S&P CoreLogic Case-Shiller (SPCLCS) 20-City Home Price Index: Home prices probably continued to climb across the twenty major metropolitan areas canvassed by SPCLCS in December. Indeed, the 1.1% increase anticipated by the Street, after a 1.2% jump in November, would place home selling prices 17.7% above those posted at the end of 2020.

Conference Board Consumer Confidence: Available sentiment soundings suggest that the Conference Board’s consumer confidence gauge likely tumbled to a 12-month low of 107.0 in February from 113.8 in the previous month. Pay particular attention to the so-called labor differential – the percentage of survey respondents feeling that jobs are plentiful less than those believing they are hard to get – for clues to the likely change in the civilian jobless rate this month.

Jobless Claims: Initial and continuing state unemployment insurance claims probably moved lower in their respective reporting periods, as the impact of the Omicron variant gradually wanes.

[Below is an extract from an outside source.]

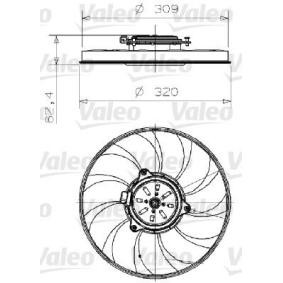 Kühlerlüfter 696001 von VALEO günstig für 322,02 € online kaufen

Real GDP Growth: Data released since the Bureau of Economic Analysis’ advance report suggest that the pace of activity during the fall quarter will be boosted modestly from the previously estimated 6.9% annualized pace.

New Home Sales: A reported jump in single-family building permits suggests that contracts to buy a newly constructed dwelling climbed by 3.6% to a ten-month high seasonally adjusted annual rate of 840K in January.

Durable Goods Orders: Durable goods bookings are expected to have risen by 1% in January, erasing December’s .7% dip. Excluding an anticipated pickup in transportation requisitions, “hard goods” bookings likely edged .3% higher, after a .6% prior-month gain. December’s nondefense capital goods shipments excluding commercial jetliner deliveries will be watched closely to gauge the momentum of business equipment spending at the beginning of the New Year.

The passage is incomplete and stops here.